[Records drawn from a dataset]
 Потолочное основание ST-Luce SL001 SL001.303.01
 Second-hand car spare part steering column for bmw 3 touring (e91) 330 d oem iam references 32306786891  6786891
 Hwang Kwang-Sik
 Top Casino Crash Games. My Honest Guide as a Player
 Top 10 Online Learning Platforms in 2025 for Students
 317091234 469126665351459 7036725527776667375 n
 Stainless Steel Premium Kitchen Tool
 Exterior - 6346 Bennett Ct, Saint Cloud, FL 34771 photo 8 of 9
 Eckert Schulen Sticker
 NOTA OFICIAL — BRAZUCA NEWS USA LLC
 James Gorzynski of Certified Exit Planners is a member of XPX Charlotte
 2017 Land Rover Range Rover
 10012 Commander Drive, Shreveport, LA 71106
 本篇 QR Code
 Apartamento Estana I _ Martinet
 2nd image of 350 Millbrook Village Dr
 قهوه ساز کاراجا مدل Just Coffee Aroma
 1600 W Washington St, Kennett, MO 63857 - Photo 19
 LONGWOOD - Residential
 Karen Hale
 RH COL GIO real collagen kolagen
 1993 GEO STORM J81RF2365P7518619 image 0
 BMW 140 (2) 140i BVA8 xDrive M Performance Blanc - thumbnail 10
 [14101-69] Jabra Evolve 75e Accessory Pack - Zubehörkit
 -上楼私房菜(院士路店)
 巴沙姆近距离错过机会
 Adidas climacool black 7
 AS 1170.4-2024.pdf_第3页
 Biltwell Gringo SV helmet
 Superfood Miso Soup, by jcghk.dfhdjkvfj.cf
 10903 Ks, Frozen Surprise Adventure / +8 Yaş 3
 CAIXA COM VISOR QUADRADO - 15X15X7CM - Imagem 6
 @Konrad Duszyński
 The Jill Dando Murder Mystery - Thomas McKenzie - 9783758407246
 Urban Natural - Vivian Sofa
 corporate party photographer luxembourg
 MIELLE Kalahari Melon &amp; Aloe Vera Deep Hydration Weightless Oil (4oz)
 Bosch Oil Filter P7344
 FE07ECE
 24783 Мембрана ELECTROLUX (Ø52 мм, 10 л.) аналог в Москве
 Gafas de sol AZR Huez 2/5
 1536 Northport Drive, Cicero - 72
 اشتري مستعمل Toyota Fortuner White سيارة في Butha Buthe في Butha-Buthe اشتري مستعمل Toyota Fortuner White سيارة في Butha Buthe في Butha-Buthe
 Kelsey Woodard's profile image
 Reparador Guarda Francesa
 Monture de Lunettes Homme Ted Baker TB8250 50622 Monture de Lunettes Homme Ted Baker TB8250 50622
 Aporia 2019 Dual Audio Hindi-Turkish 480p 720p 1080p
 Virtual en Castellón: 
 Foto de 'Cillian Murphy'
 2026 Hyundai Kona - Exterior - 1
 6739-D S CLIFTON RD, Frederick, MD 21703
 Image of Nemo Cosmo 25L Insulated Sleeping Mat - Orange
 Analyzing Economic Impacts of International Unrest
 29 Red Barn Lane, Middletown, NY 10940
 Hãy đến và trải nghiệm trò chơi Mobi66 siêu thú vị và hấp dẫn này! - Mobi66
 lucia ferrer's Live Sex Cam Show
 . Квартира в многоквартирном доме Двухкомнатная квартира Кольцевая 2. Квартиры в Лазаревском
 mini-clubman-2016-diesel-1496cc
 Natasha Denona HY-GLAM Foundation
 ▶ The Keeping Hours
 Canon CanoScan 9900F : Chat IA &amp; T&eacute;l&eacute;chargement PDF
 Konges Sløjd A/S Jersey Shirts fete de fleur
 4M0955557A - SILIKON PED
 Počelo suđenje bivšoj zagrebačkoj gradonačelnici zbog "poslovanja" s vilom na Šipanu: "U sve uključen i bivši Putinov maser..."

- [What this task involves]:
Your job is to give the data above again exactly, in full.

- [Response]:
 Потолочное основание ST-Luce SL001 SL001.303.01
 Second-hand car spare part steering column for bmw 3 touring (e91) 330 d oem iam references 32306786891  6786891
 Hwang Kwang-Sik
 Top Casino Crash Games. My Honest Guide as a Player
 Top 10 Online Learning Platforms in 2025 for Students
 317091234 469126665351459 7036725527776667375 n
 Stainless Steel Premium Kitchen Tool
 Exterior - 6346 Bennett Ct, Saint Cloud, FL 34771 photo 8 of 9
 Eckert Schulen Sticker
 NOTA OFICIAL — BRAZUCA NEWS USA LLC
 James Gorzynski of Certified Exit Planners is a member of XPX Charlotte
 2017 Land Rover Range Rover
 10012 Commander Drive, Shreveport, LA 71106
 本篇 QR Code
 Apartamento Estana I _ Martinet
 2nd image of 350 Millbrook Village Dr
 قهوه ساز کاراجا مدل Just Coffee Aroma
 1600 W Washington St, Kennett, MO 63857 - Photo 19
 LONGWOOD - Residential
 Karen Hale
 RH COL GIO real collagen kolagen
 1993 GEO STORM J81RF2365P7518619 image 0
 BMW 140 (2) 140i BVA8 xDrive M Performance Blanc - thumbnail 10
 [14101-69] Jabra Evolve 75e Accessory Pack - Zubehörkit
 -上楼私房菜(院士路店)
 巴沙姆近距离错过机会
 Adidas climacool black 7
 AS 1170.4-2024.pdf_第3页
 Biltwell Gringo SV helmet
 Superfood Miso Soup, by jcghk.dfhdjkvfj.cf
 10903 Ks, Frozen Surprise Adventure / +8 Yaş 3
 CAIXA COM VISOR QUADRADO - 15X15X7CM - Imagem 6
 @Konrad Duszyński
 The Jill Dando Murder Mystery - Thomas McKenzie - 9783758407246
 Urban Natural - Vivian Sofa
 corporate party photographer luxembourg
 MIELLE Kalahari Melon &amp; Aloe Vera Deep Hydration Weightless Oil (4oz)
 Bosch Oil Filter P7344
 FE07ECE
 24783 Мембрана ELECTROLUX (Ø52 мм, 10 л.) аналог в Москве
 Gafas de sol AZR Huez 2/5
 1536 Northport Drive, Cicero - 72
 اشتري مستعمل Toyota Fortuner White سيارة في Butha Buthe في Butha-Buthe اشتري مستعمل Toyota Fortuner White سيارة في Butha Buthe في Butha-Buthe
 Kelsey Woodard's profile image
 Reparador Guarda Francesa
 Monture de Lunettes Homme Ted Baker TB8250 50622 Monture de Lunettes Homme Ted Baker TB8250 50622
 Aporia 2019 Dual Audio Hindi-Turkish 480p 720p 1080p
 Virtual en Castellón: 
 Foto de 'Cillian Murphy'
 2026 Hyundai Kona - Exterior - 1
 6739-D S CLIFTON RD, Frederick, MD 21703
 Image of Nemo Cosmo 25L Insulated Sleeping Mat - Orange
 Analyzing Economic Impacts of International Unrest
 29 Red Barn Lane, Middletown, NY 10940
 Hãy đến và trải nghiệm trò chơi Mobi66 siêu thú vị và hấp dẫn này! - Mobi66
 lucia ferrer's Live Sex Cam Show
 . Квартира в многоквартирном доме Двухкомнатная квартира Кольцевая 2. Квартиры в Лазаревском
 mini-clubman-2016-diesel-1496cc
 Natasha Denona HY-GLAM Foundation
 ▶ The Keeping Hours
 Canon CanoScan 9900F : Chat IA &amp; T&eacute;l&eacute;chargement PDF
 Konges Sløjd A/S Jersey Shirts fete de fleur
 4M0955557A - SILIKON PED
 Počelo suđenje bivšoj zagrebačkoj gradonačelnici zbog "poslovanja" s vilom na Šipanu: "U sve uključen i bivši Putinov maser..."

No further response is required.